What to work on>
Please return the lines of the data that contain "with".

(Brief descriptive captions)
* * *

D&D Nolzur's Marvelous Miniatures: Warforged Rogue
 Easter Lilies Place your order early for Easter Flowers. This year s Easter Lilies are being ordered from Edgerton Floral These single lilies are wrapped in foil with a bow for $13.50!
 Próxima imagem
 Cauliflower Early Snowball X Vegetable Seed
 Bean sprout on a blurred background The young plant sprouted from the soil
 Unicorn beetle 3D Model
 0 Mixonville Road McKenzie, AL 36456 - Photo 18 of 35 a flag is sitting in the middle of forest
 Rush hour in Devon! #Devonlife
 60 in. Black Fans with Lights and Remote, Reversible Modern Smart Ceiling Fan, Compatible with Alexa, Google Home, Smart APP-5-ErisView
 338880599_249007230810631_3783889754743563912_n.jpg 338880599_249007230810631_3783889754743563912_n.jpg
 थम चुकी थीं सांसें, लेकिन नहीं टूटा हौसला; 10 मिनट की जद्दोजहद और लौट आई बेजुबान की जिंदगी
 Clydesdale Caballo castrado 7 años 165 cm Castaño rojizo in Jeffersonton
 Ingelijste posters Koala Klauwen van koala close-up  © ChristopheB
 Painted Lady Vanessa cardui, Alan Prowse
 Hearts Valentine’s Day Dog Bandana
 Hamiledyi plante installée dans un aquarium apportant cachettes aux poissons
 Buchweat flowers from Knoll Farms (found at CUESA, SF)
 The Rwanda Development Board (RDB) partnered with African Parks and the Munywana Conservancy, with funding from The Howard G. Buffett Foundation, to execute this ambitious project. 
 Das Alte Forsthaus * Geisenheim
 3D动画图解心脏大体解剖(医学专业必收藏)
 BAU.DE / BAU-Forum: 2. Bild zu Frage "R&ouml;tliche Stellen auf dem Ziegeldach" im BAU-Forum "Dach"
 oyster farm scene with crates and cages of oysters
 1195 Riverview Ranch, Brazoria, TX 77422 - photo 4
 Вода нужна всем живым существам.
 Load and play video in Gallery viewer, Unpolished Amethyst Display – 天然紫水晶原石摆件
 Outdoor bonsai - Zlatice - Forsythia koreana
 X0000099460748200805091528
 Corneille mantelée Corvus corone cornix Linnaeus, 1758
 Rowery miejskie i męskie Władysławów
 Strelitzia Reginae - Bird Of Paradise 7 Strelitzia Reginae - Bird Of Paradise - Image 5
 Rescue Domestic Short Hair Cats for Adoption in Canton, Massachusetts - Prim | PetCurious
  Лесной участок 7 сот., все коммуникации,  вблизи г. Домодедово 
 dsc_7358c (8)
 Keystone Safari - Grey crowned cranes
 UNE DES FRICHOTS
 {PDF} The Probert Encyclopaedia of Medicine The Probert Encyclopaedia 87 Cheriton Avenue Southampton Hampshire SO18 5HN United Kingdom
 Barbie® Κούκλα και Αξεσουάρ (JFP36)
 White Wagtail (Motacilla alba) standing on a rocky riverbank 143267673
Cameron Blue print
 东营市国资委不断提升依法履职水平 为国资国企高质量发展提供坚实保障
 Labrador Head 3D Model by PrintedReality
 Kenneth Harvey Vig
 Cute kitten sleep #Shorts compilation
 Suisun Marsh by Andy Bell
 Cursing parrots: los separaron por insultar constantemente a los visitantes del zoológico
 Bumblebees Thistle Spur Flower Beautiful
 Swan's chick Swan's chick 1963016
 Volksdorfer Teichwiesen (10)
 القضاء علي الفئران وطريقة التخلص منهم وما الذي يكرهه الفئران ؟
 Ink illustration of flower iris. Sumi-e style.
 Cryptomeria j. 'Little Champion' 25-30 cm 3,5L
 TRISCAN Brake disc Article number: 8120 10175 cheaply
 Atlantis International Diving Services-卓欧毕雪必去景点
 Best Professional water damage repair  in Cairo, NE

* * *

Exercise response>
 Easter Lilies Place your order early for Easter Flowers. This year s Easter Lilies are being ordered from Edgerton Floral These single lilies are wrapped in foil with a bow for $13.50!
 60 in. Black Fans with Lights and Remote, Reversible Modern Smart Ceiling Fan, Compatible with Alexa, Google Home, Smart APP-5-ErisView
 The Rwanda Development Board (RDB) partnered with African Parks and the Munywana Conservancy, with funding from The Howard G. Buffett Foundation, to execute this ambitious project. 
 oyster farm scene with crates and cages of oysters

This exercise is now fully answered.